In terms of UCI, I will say that the campus takes great lengths to accommodate left-handed students, but still, the campus overwhelmingly caters to righties. Every lecture hall is filled with right-handed seats, and the left-handed seats exist only in the peripheries of the classrooms. In some of the older buildings, there are only right-handed seats, and the left-handed ones are hard to come by. In the library in particular, it is always a pain to use the scissors, because none were made for lefties like me.
Because of this, my life is just a little bit more difficult than that of most people. Obviously, this is unfortunate, but I have become accustomed to these problems. As a matter of fact, I have found ingenious ways to overcome these difficulties. For example, I often orient my notebooks perpendicular to me so I can write without hurting myself on the spirals. Sometimes I even write upside down (I am sure most right-handed people do not know how to do that). I also force myself to become ambidextrous while driving so I don’t spill my coffee. I have even found a way to use right-handed scissors without cutting myself or hurting someone. When I sit in right-handed seats I often orient my body completely sideways so my left elbow can rest on the edge of the desk.

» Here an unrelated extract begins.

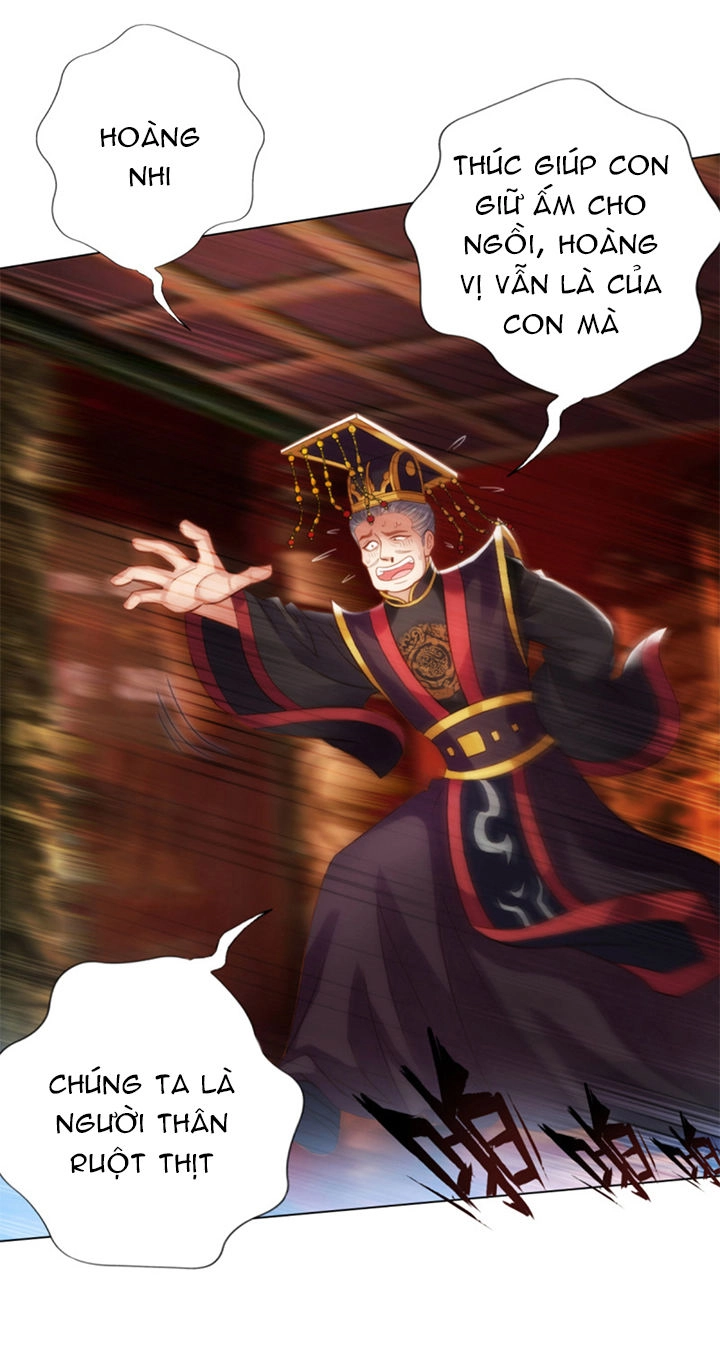 Lang Hoàn Thư Viện Chapter 67 - 25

It makes total sense that Albert Einstein, Aristotle, Marie Curie, Barack Obama, Bill Clinton and Winston Churchill were all part of the left-handers club. I mean, we are kind of amazing! Despite the fact that the world was not made for us, we are often changing the world with our ideas and leadership. I don’t know if I can be the next amazing left-hander, but it certainly is amazing to be a part of this exclusive club, despite all the hurdles I have to overcome at UCI and beyond.
Sharmin Shanur is a first-year cognitive sciences major. She can be reached at email@example.com.
As a left-handed writer, it sometimes feels as if the world is designed to inconvenience me. Considering the scarcity of lefty desks in both classrooms and lecture halls, I often find myself slightly ruffled by the predicaments my left-handedness puts me in on a regular basis. It may be a smaller issue in the scope of our university, but it’s an issue nonetheless.
You have to be quick on your feet and get to lectures early because lefty seats fill up fast.
It’s slightly more difficult to waltz in 20 minutes into lecture and grab a lefty desk. It
appears that even left-handed desks aren’t immune to the unassigned-assigned seat problem. If you’re not on time, you may find that some other student took your usual spot. Or it could be worse; a right-handed peer got there first. There’s a constant risk of someone taking your unassigned-assigned seat, but it’s magnified ten-fold as a lefty because you’ll most likely have to shift up or down a couple rows to find another left-handed desk.
It doesn’t get better for discussion sections in classrooms either. As a lefty, you’ll have to instantly scan the room upon entry to locate available desks and make a decision. Then you have to shuffle around awkwardly with your backpack as you push the righty desk (that’s on the far left side of the room, pinning you against the wall when you sit) outwards to sit.
Exam days are much more of a hassle. Many professors require left-handed students to send an email or fill out a survey to secure a spot on the lefty list ahead of time. Some professors refuse to accommodate in the interest of time. Personally, I think writing on a righty desk is manageable, but after extended periods of time, it strains my arm. My only fear is that one day, if I’m not careful, I may be accused of cheating because of the way I lean in when I write.
Maybe if there were more ambidextrous desks, it’d help address the problem. Both groups would be able to write comfortably. As for lecture halls, please don’t sit in the left-handed seat unless you are writing with your left hand or there’s absolutely no space available in the hundred or so right-handed seats.